# Lecture 8

## VAE

PixelRNN explicity parameterizes density function with nn, so we train maximize likelihood of training data

$$
p\_W(x) = \prod\_{t=1}^Tp\_W(x\_t|x\_1, \dots,x\_{t-1})
$$

VAE define an intractable density that we cannot explicitly compute or optimize, we can optimize a lower bound for the density.

### Autoencoders (Non variational)

Unsupervised method for learning feature vectors from raw data x, without labels.

Features should extract useful information that we can use for downstream taks.

Originally: Linear + nonlinearilty (sigmoid)

Later: Deep, fully-connected

Later: ReLU CNN

input data x -> Encoder -> features Z

We use features to reconstruct the input data with a decoder.

features Z -> Decoder -> Reconstructed data X^.

Loss: l2 distance between input and reconstructed data

$$
||\hat{X} - X||\_2^2
$$

Features need to be lower dimensional than data.

After training, throw away decoder and use encoder for a downstream task.

Autoencoders learn latent features for data without any labels.&#x20;

Can use features to initialize a supervised model.

Not probabilistic: No way to sample new data from learned model.

### Variational Autoencoders

AE: learn latent z from rwa data and sample from model to generate new data.

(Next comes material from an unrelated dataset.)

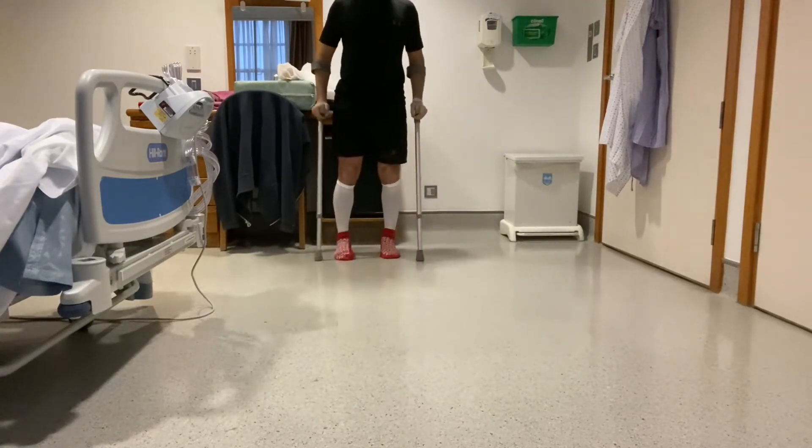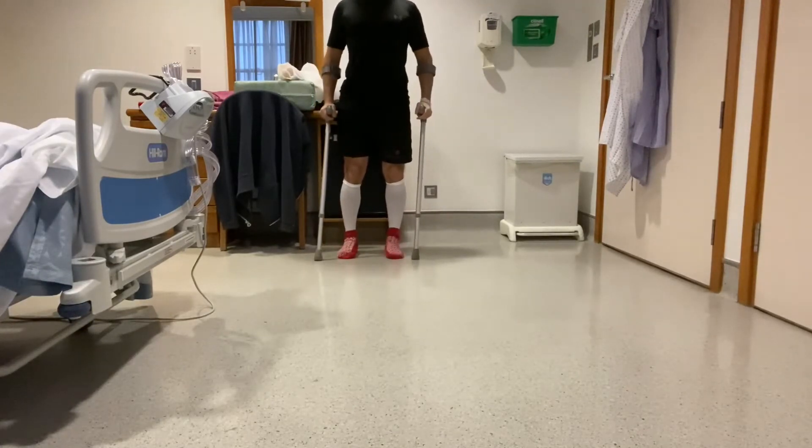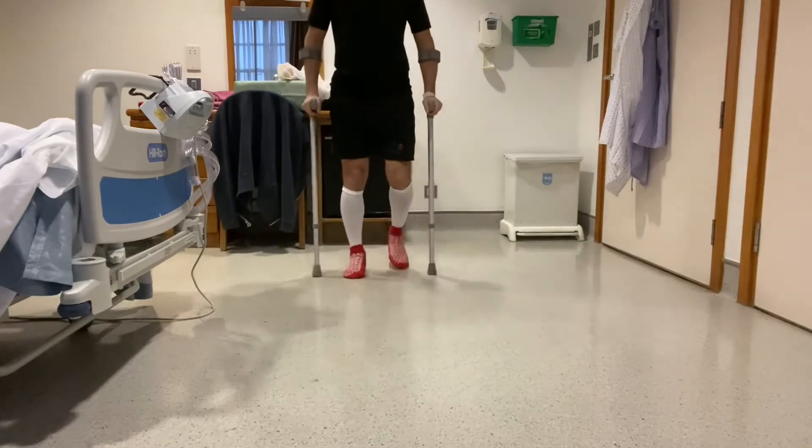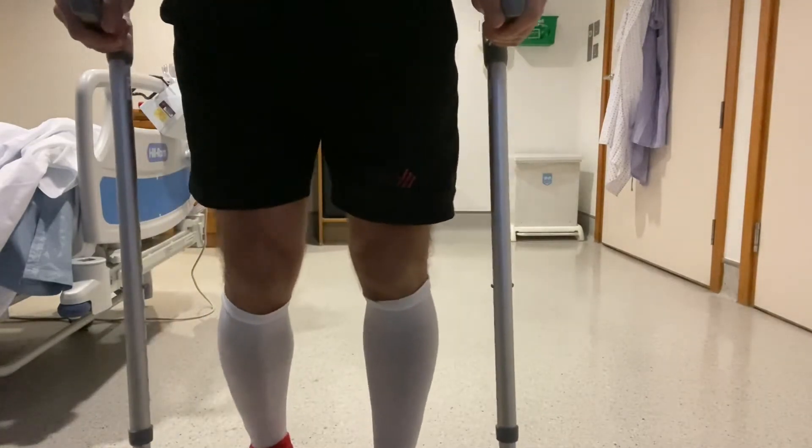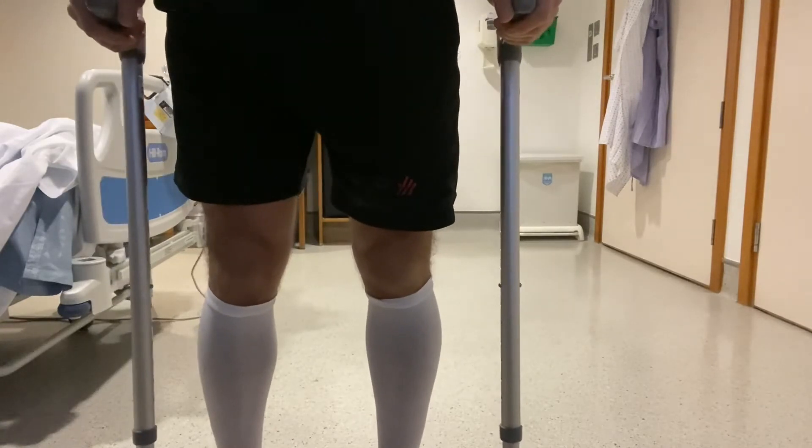Just make sure that you keep your posture upright, don't look down at the ground, and focus on keeping your hips level so there's no lateral weight shift when you walk.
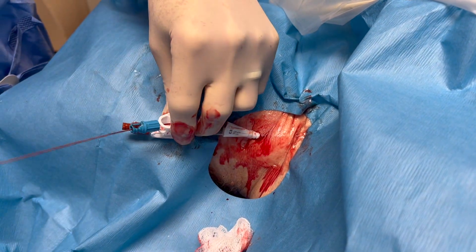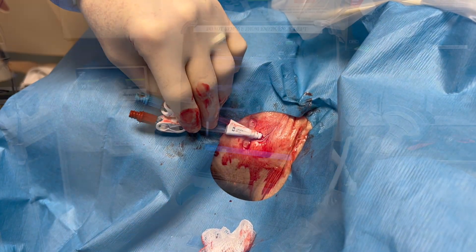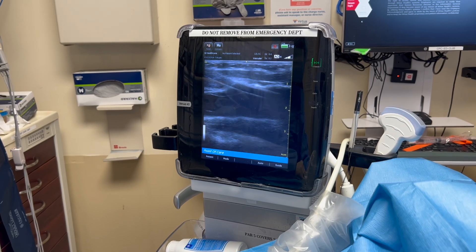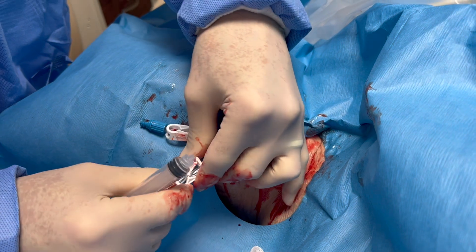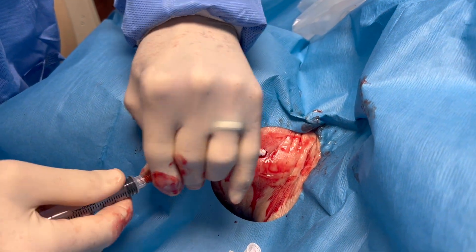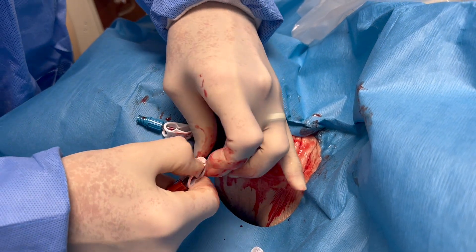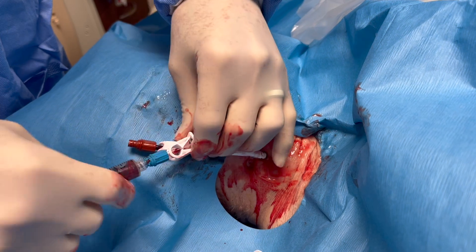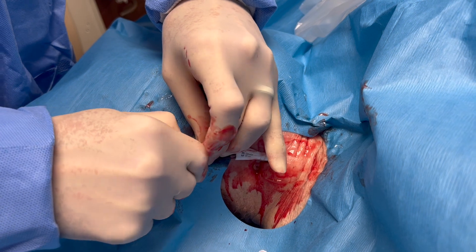As you pull the wire out, you will see blood return, and then you can clamp that port as well — so now both ports are clamped. Take a look with your ultrasound to make sure you are in where you want to be. Now take a syringe and make sure that you get a free return of fluid. The last thing you want is a difficult return, because then the catheter won't work when you hook them up to dialysis. And there you see again — free return of blood.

&#x20;Assume training data $${x^(i)}\_{i=1}^N$$ is generated from unobserved representation z.&#x20;

intuition: x is image, z is latent factors used to generate x.

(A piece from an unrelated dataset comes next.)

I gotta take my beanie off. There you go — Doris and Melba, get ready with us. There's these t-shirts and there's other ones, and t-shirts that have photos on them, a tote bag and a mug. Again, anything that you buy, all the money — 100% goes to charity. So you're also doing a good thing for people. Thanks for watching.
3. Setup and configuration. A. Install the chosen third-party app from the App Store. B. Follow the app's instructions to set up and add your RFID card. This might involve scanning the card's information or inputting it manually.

After training: sample new data like this:

Sample $$z$$ from prior $$p\_{\theta^\*}(z)$$. Assume simple prior p(z)

Sample $$x$$ from conditional $$p\_{\theta^\*}(x|z^{(i)})$$ Represent p(x|z) with a neural network

Decoder must be probabilistic: decoder inputs $$z$$, output mean $$\mu\_{x|z}$$ and covariance $$\Sigma\_{x|z}$$.

Sample X from Gaussian with mean and covariance.

How to train this model?

Maximize likelihood of data.

If we could observe z from each x, the could train a generative model p(x|z)

We don't observe z, so need to marginalize:

$$
p\_\theta(x) = \int p\_\theta(x,z)dz = \int p\_\theta(x|z)p\_\theta(z)dz
$$

We can compute $$p\_\theta(x|z)$$ with decoder network.We assumed gaussian prior $$p\_\theta(z)$$. But impossible to integrate over all z.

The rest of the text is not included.